* _Supplied data_
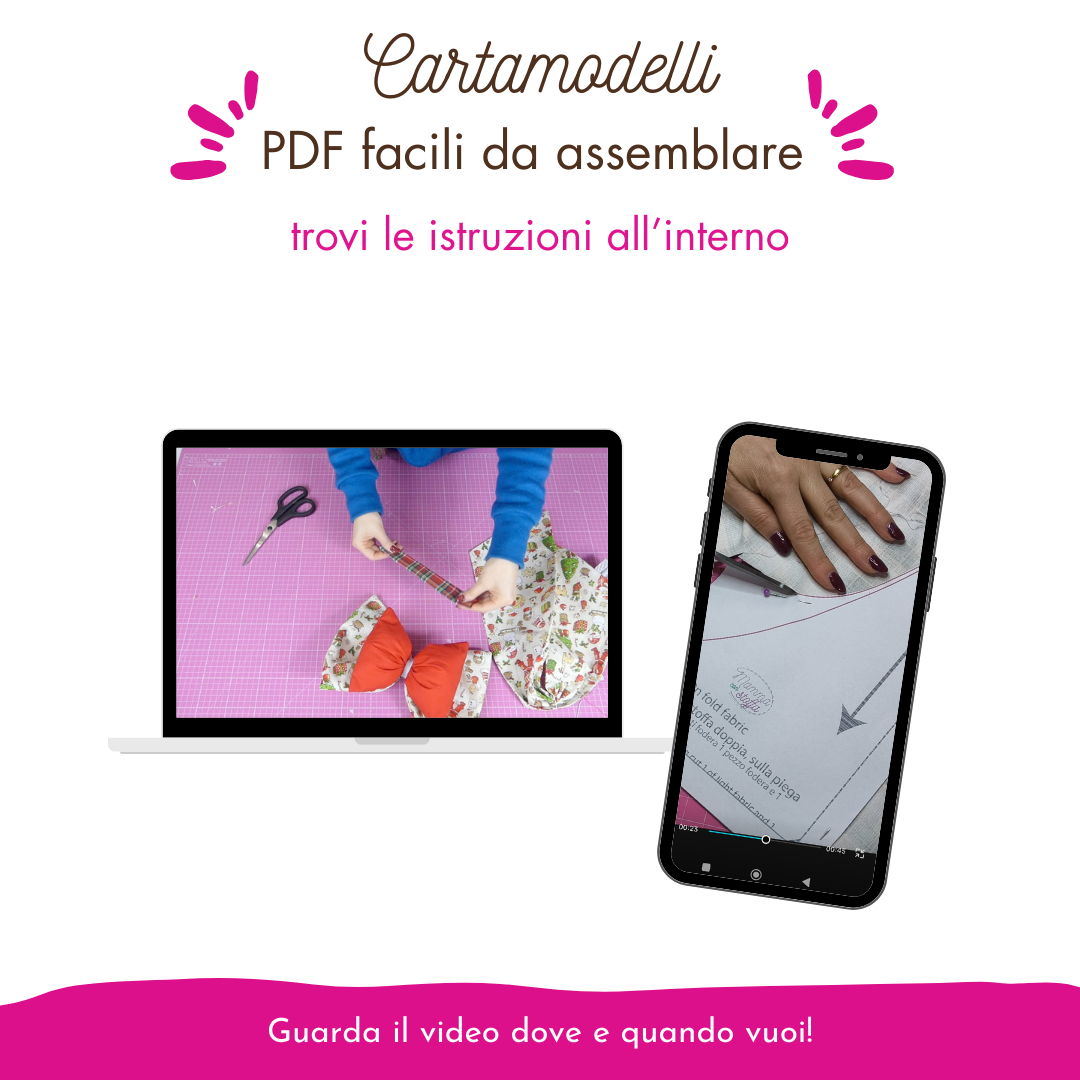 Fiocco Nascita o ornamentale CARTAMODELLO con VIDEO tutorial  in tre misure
---
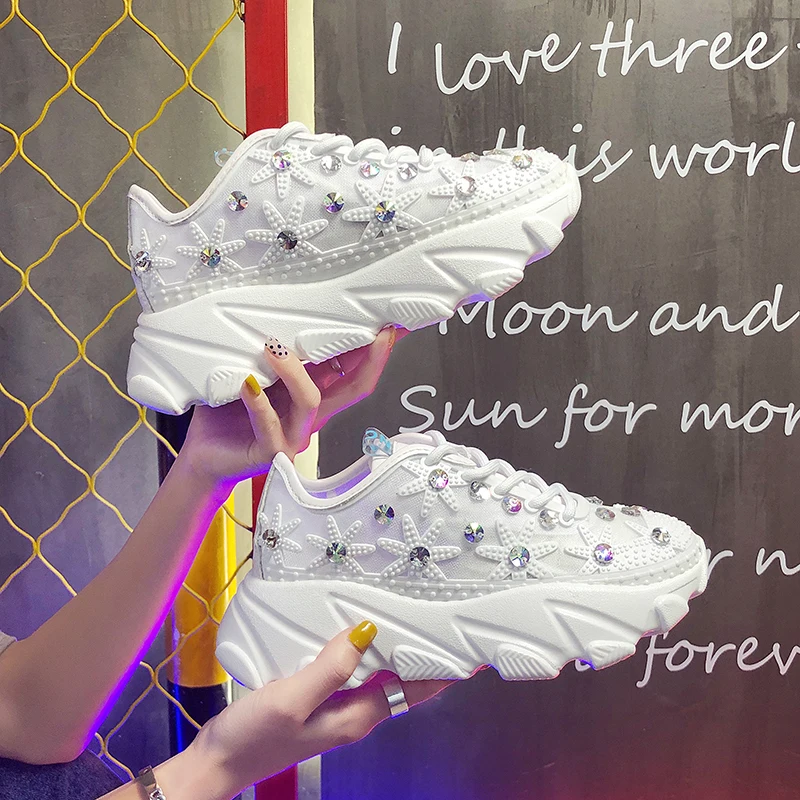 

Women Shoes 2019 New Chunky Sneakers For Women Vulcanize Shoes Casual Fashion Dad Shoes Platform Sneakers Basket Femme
...
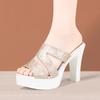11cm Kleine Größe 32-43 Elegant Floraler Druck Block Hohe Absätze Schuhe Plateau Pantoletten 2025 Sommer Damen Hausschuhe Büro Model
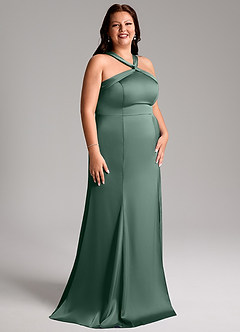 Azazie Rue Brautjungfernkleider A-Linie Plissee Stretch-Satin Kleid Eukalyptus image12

* _Your goal_
Of the lines above, copy only those from the one holding "11cm Kleine Größe" to the one holding "Azazie Rue Brautjungfernkleider", both included, and exclude every image.

* _Your response_
11cm Kleine Größe 32-43 Elegant Floraler Druck Block Hohe Absätze Schuhe Plateau Pantoletten 2025 Sommer Damen Hausschuhe Büro Model
 Azazie Rue Brautjungfernkleider A-Linie Plissee Stretch-Satin Kleid Eukalyptus image12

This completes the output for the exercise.